▶ _Problem statement_:
Given the records below, the lines starting at the line with "Oliventhekid Taşlı Detaylı" and ending at the line with "Cute Newborn Baby" should be output exactly, both end lines kept and pictures left out.

▶ _Exercise input_:
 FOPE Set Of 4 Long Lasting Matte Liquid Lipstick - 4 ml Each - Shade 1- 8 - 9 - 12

--

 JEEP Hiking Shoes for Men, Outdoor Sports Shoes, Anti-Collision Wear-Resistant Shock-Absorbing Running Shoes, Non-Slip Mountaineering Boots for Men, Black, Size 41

...

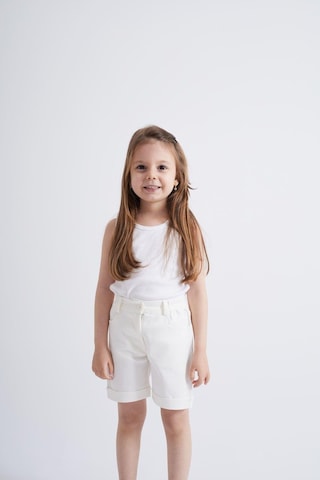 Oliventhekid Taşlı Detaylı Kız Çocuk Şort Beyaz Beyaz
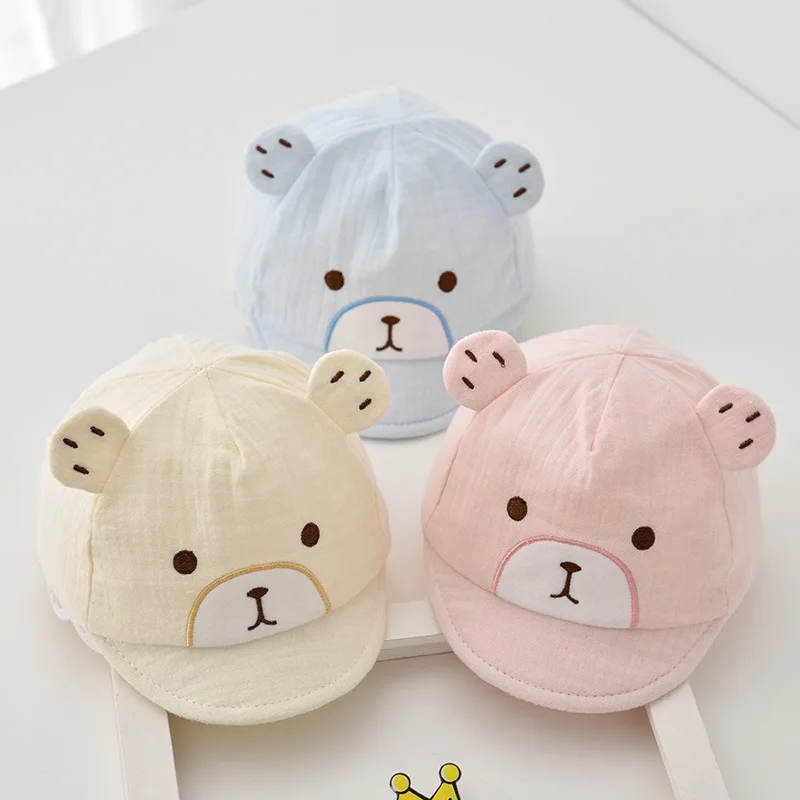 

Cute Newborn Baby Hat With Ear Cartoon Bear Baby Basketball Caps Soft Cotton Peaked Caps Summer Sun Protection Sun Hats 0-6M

▶ _Exercise response_:
 Oliventhekid Taşlı Detaylı Kız Çocuk Şort Beyaz Beyaz

Cute Newborn Baby Hat With Ear Cartoon Bear Baby Basketball Caps Soft Cotton Peaked Caps Summer Sun Protection Sun Hats 0-6M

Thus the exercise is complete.